Las provincias de Hispania en Plinio
Juan Manuel Abascal Palazón
El libro III de la Historia Natural de C. Plinius Secundus (cf. la introducción a la Descripción de las Islas Baleares) determina en su comienzo las tres partes que, al decir de Plinio, forman el orbe: Europa, Asia y África. Como el mismo naturalista indica, la descripción geográfica del mundo a la que se dedica este libro comienza por el occidente mediterráneo, por las columnas de Hércules como denomina al estrecho de Gibraltar, a la que sigue un orden lineal hacia Oriente.
Antes de entrar en la pormenorizada descripción de la Península Ibérica, Plinio nos resume a grandes rasgos la división administrativa romana de la Hispania del siglo I d. C., caracterizada ya con los grandes accidentes geográficos y recordándonos que en la Antigüedad las grandes cadenas montañosas y los grandes ríos constituyeron habitualmente límites administrativos. Plinio convierte a los Pirineos y a Sierra Morena (montes Oretanos) en límites septentrional y meridional de la Tarraconense, del mismo modo que los hoy llamados Montes de Toledo limitarían la Lusitania. Sólo dos grandes ríos aparecen en esta parte del relato; el Guadiana (antiguo Anas), que separa en la segunda mitad de su recorrido Lusitania de la Baetica, llamó la atención del naturalista por su peculiar trazado en tierras manchegas, con grandes lagunas como las de Ruidera cerca de su nacimiento en las tierras de Laminium (Alhambra, Ciudad Real) y con tramos subterráneos como los que terminan en los llamados «ojos del Guadiana». El segundo es el Guadalquivir (antiguo Baetis) que da nombre a la provincia Baetica, a la que Plinio, como otros autores antiguos, asociaron con razón a la riqueza agrícola.

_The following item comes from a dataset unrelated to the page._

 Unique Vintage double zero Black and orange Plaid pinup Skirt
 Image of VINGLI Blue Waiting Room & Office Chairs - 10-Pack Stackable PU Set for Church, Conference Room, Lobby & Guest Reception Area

«En este espacio [el Mediterráneo occidental], la primera de las tierras es la Hispania llamada Ulterior o Baetica; a continuación, desde el límite de Murgi a las cimas del Pirineo, se extiende la Citerior, también llamada Tarraconensis. En sentido longitudinal, la Ulterior se divide en dos provincias, ya que por el costado septentrional de la Bética se extiende la Lusitania, separada de ella por el río Anas. Éste, que nace en el territorio Laminitano de la Hispania Citerior, unas veces se convierte en lagunas, otras se encaja en desfiladeros y en otras se oculta bajo tierra para resurgir después, hasta desembocar en el Océano Atlántico.
La Tarraconense, por su parte, pegada al Pirineo y contigua a toda su vertiente, se extiende transversalmente desde el mar Ibérico hasta el océano Gálico, y está separada de la Bética y de la Lusitania por el monte Solorio, por las sierras Oretanas y Carpetanas y por la de los Astures.
La Bética, llamada así por el río que la corta por la mitad, supera a las demás provincias gracias a la riqueza de sus cultivos y a una genuina y extraordinaria fertilidad».
(Plinio, Historia Natural, 3, 2, 6. Versión de Juan Manuel Abascal a partir del texto latino (FHA, VII, Barcelona, 1987, p. 22) y de las traducciones de Bejarano (FHA, VII) y de A. Fontán et al., Madrid, Gredos, 1998.)